Fixed point locus of Moduli spaces of Sheaves on Toric DM stacks

This paper extends combinatorial descriptions of torsion-free toric sheaves to smooth toric Deligne-Mumford stacks of any dimension, explicitly characterizing the fixed point locus of their moduli spaces under torus actions via characteristic functions to facilitate the computation of topological invariants.

The Gist

Imagine you are trying to organize a massive, chaotic library. This library isn't just a building; it's a magical, multi-dimensional space where books (mathematical objects called "sheaves") can exist in strange, overlapping layers. Some books are whole and perfect, while others are torn or have missing pages.

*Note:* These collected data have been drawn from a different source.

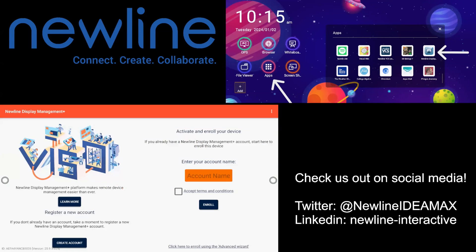Once you open the application, you will be able to activate and enroll your device into the account.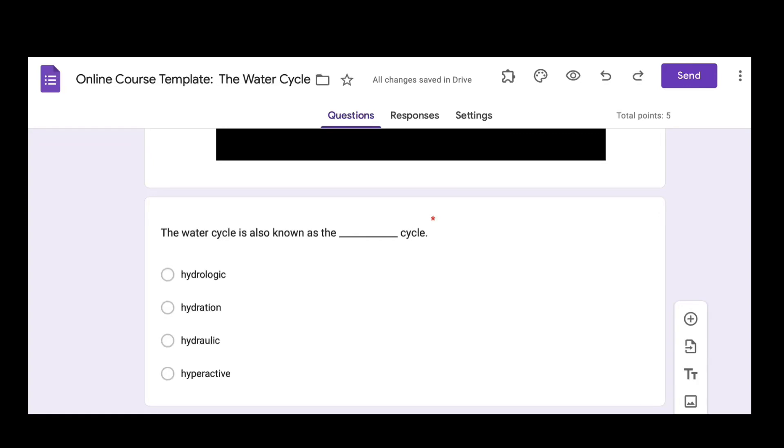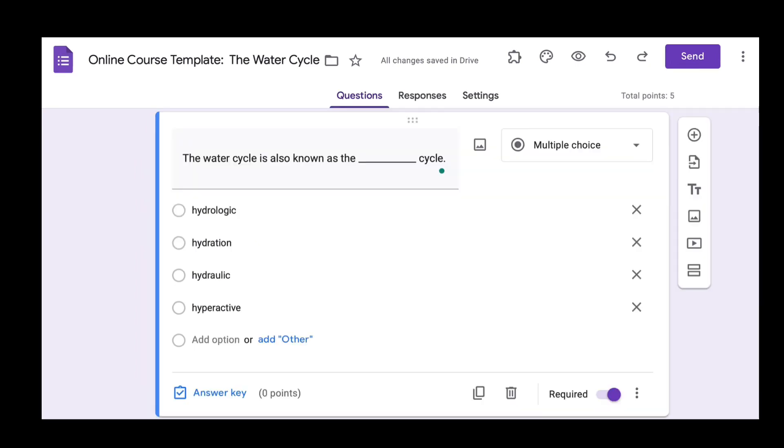To change the point system on Google Forms when it's in quiz mode, all you have to do is click on the question itself. On the left you'll see a blue bar show up that means it's in editing mode.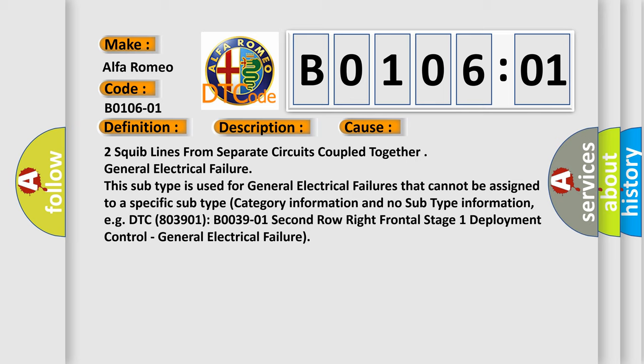General electrical failure. This subtype is used for general electrical failures that cannot be assigned to a specific subtype category information.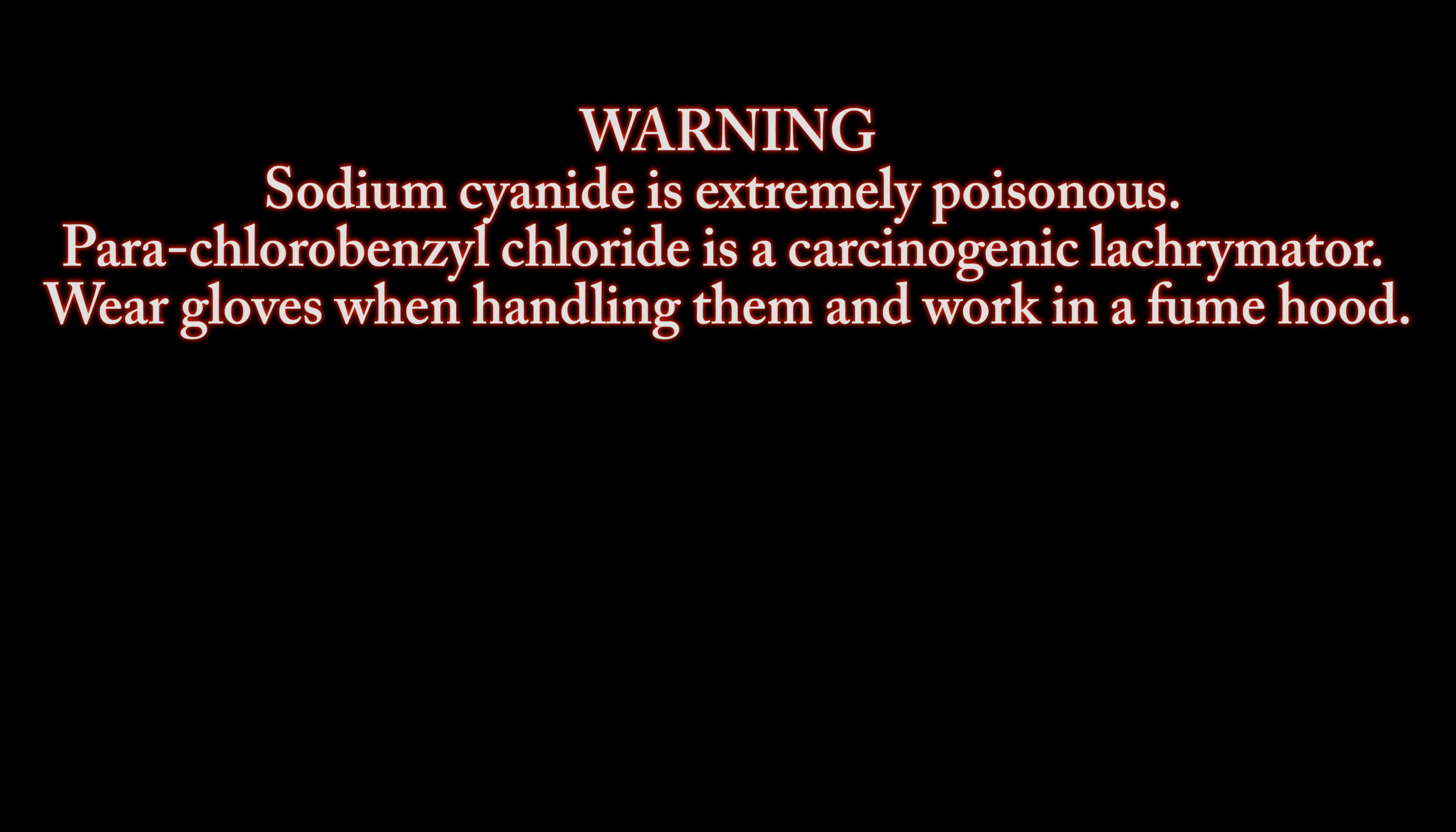Warning. Sodium cyanide is extremely poisonous. Perichlorobenzyl chloride is a carcinogenic lacrimator. Wear gloves when handling them and work in a fume hood.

The author of this paper, Promit Kundu, is trying to solve a specific puzzle: How do we find and count the "perfectly still" books in this library when the whole room is spinning?

Here is a breakdown of the paper's ideas using everyday analogies:

1. The Setting: A Spinning, Layered Library

The "library" in this paper is a Toric DM Stack.

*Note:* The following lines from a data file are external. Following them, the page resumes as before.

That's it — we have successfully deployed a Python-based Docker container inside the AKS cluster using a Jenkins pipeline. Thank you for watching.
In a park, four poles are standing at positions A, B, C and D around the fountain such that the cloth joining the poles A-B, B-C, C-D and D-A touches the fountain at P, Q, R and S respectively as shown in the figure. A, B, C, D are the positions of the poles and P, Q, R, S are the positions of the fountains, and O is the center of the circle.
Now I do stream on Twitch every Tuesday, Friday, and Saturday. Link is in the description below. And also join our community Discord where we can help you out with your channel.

• The "Toric" part: Imagine the library is built on a grid system, like a city with perfect streets and intersections. It has a lot of symmetry.
• The "Stack" part: This is the tricky bit. In a normal library, a book sits on a shelf. In this magical library, some shelves are "stacked" on top of each other in a way that creates hidden layers. It's like a book that is actually a set of three different books glued together, but you can only see one at a time depending on how you look at it.
• The "Spinning": The whole library is being rotated by a giant invisible hand (a mathematical "torus action"). Most books would fly off the shelves or blur into a mess as the library spins.

2. The Problem: Finding the "Still" Books

The author wants to study the Moduli Space. Think of this as a giant map or a catalog that lists every possible way you can arrange these books on the shelves.

When the library spins, most arrangements on the map would look different every second. But, there are special arrangements that look exactly the same even while the library spins. These are the Fixed Points.

• The Goal: The paper asks: "Can we describe these special, still arrangements without having to watch the whole library spin?"

3. The Solution: The "Characteristic Function" (The Fingerprint)

To find these still arrangements, the author invents a new way to describe the books called a Characteristic Function.

• The Analogy: Imagine every book in the library has a unique barcode made of numbers. In a normal library, the barcode just tells you the title. In this magical library, the barcode is much more detailed. It tells you exactly how the book is stacked, how many layers it has, and how it fits into the spinning grid.
• The "Box" Concept: The author breaks the library down into small rooms (open charts). In each room, the books are organized into "boxes" of data. The author proves that for a book to be "stable" (perfectly still), it must have exactly one box in each room. If it has two or more boxes in a room, it's unstable and will fall apart when the library spins.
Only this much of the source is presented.